James Meese's Favorite Model

I’ve always considered James Meese one of the more under-rated vintage cover artists. He’s perhaps better known today as an illustrator of 1950s men’s magazines but his paperback covers are right up there with the best of them.


 
Meese was not one of the more melodramatic practitioners of the vintage cover art. His heart was was probably closest to the somber, realistic style of his great contemporary James Avati, but his covers never quite carried the emotional charge of Avati’s. This, along with his lack of a signature style despite proficiency in a variety of settings, may account for his somewhat obscure status in the vintage cover artists pantheon.


In any case, like so many practitioners of the paperback art in the glory years of the 1940s and 1950s, Meese specialized in covers which featured beautiful, frequently dangerous women.

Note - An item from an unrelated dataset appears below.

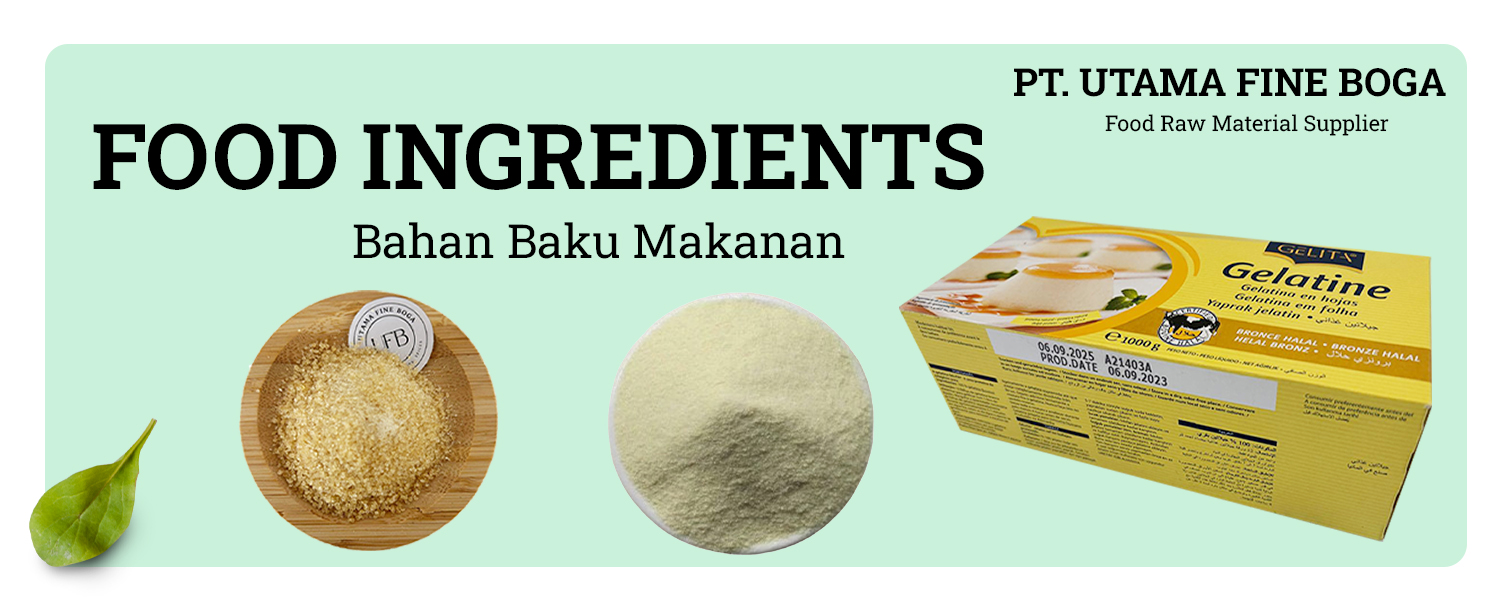 food ingredients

His beauties didn’t have the outright glamour of the women portrayed by Barye Phillips or Robert Maguire, or, in the case of Robert McGinnis's covers, the sexiness. Nevertheless, his sensitively wrought portraits revealed subtle insights into character which frequently eluded other artists of the era.






Of all the women which Meese portrayed, he seemed to have a favorite model; she appears again & again in various guises but always recognizable -- tall, brunette [1], with sharp, somewhat chiseled, vaguely exotic features. Quite the mystery woman, and quite the beauty .... does anyone know who she was?


[1] Meese's cover for Kiss Me Deadly is also included below. Although the woman on the cover is blonde she bears a slight resemblance to the model in the other covers and may well be the same person.